Administrative assistant careers impact industries such as financial management, human resources, office management, and insurance. The administrative assistant is considered support staff to executive and other management team members. Within the scope of administrative assistant careers one has many choices in relation to challenge and accomplishment, depending on background and training.
Administrative assistant training is available through technical schools, major colleges, and for some, on-the-job training. The complexity, detail, and professionalism required for those interested in administrative assistant careers often makes formal training necessary. The executive administrative assistant supports the executive staff of an organization and can be responsible for travel arrangements, the development and presentation of complex reports, meeting organization, and calendars. In this role, the assistant may supervise other administrative staff.
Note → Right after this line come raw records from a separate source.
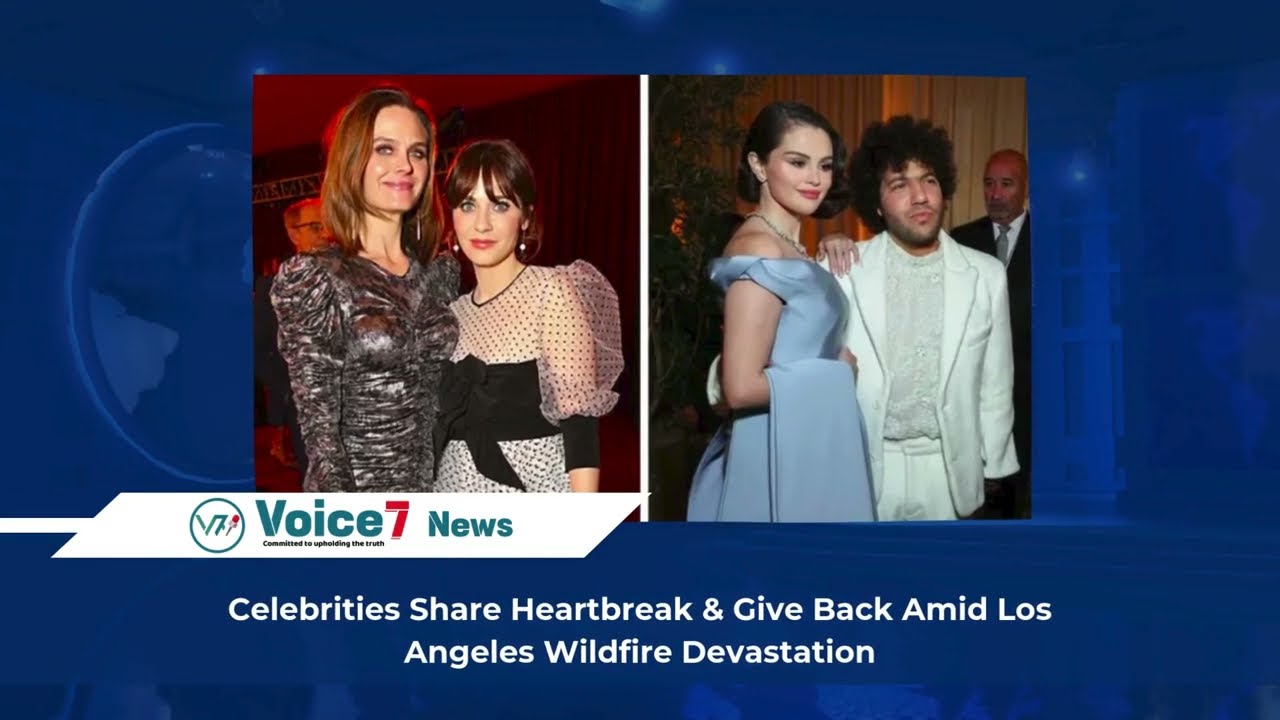 Today News Update | 19 January 2025 | Voice7 News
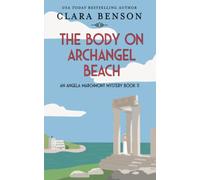The Body on Archangel Beach: 11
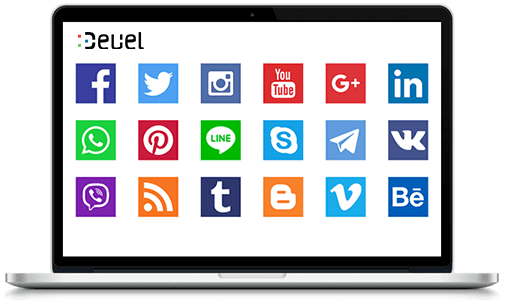 Social Media Branding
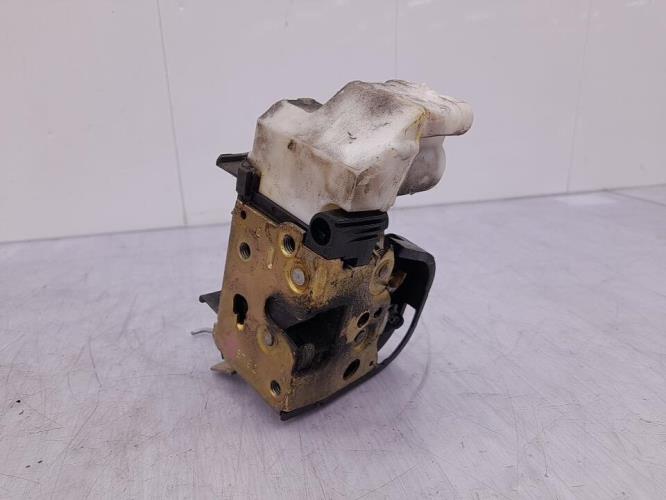 Serrure avant droit FIAT PUNTO 1 PHASE 2 Diesel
A generalist can fill many levels afforded the administrative assistant, because of experience and knowledge of various industries and corporate cultures. For example, administrative management in an office environment generally requires an experienced, high-level administrative assistant. The high-level assistant may have a title such as Key Administrator or Office Manager, yet be coded in an organizations human resources system as an administrative assistant, with a level. These levels are generally numbers tied to pay scale and role, such as managers, and are positions most often desired when considering administrative assistant careers.
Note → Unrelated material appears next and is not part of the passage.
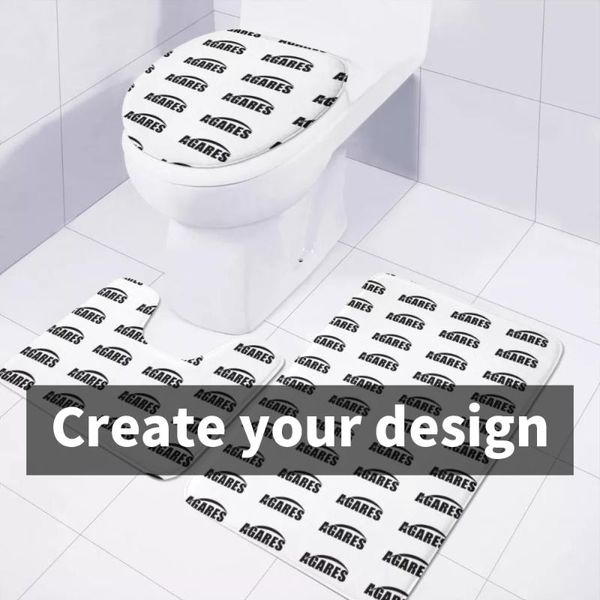 toilet seat covers all-over print graphic three pieces set simple custom logo commode cover cushion casual creative design bathroom mat cp
toilet seat covers all-over print graphic three pieces set simple custom logo commode cover cushion casual creative design bathroom mat cp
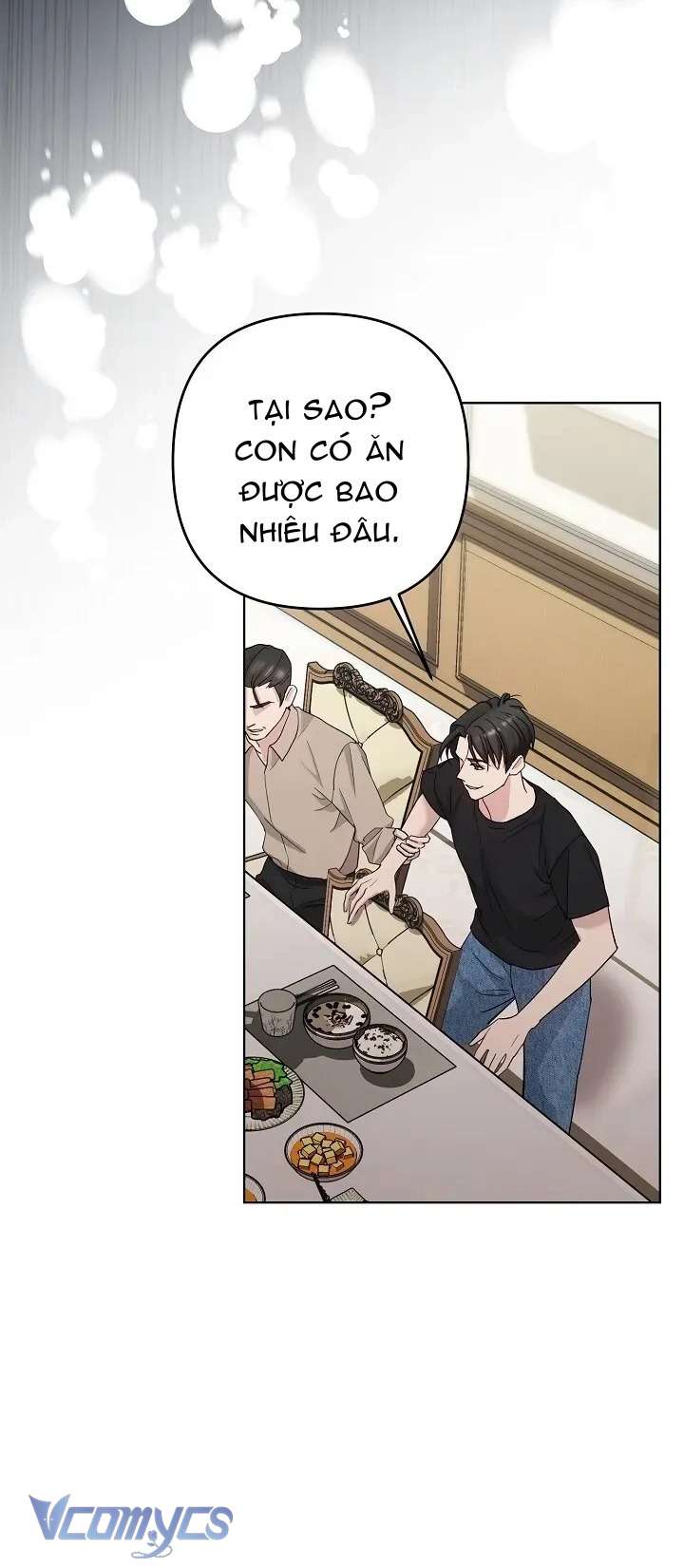 Thiêu Rụi Chapter 5 - Trang 18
Support assistants are generally beginning their administrative assistant career path or have been working in their field of expertise for just a few years. Responsibilities in this role can include report generation, tables and chart creation, and data entry. They may also transcribe and write letters, and handle other mail tasks.
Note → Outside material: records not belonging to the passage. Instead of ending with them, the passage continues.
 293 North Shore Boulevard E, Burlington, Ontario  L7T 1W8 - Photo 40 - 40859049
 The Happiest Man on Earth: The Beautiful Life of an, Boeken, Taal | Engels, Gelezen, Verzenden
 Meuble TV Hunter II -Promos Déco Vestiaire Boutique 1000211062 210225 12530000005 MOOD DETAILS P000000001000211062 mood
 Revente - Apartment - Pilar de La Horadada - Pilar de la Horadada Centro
Receptionists are considered to be administrative assistants, and generally come under the category of support assistants. Typically, a receptionist can be responsible for answering multi-line phone systems, taking messages, and greeting guests at an organization. There may also be some light typing, filing, and other tasks, as assigned by a supervisor.
Career counselors and administrative recruiters can be a valuable resource when looking for administrative assistant jobs. These resources can provide leads to available positions, as well as offer suggestions for further training. They can also assist in determining which skill sets need honing when striking out on a search for administrative assistant jobs.
Administrative assistant careers can include recruiting or counseling positions as a professional advances in the field. Through on-the-job training and other outside education, such as seminars or classes at a local college, the administrative assistant can propel to higher paying positions with more responsibility. A friendly demeanor and good people skills can help an administrative assistant fulfill his or her desired career goals.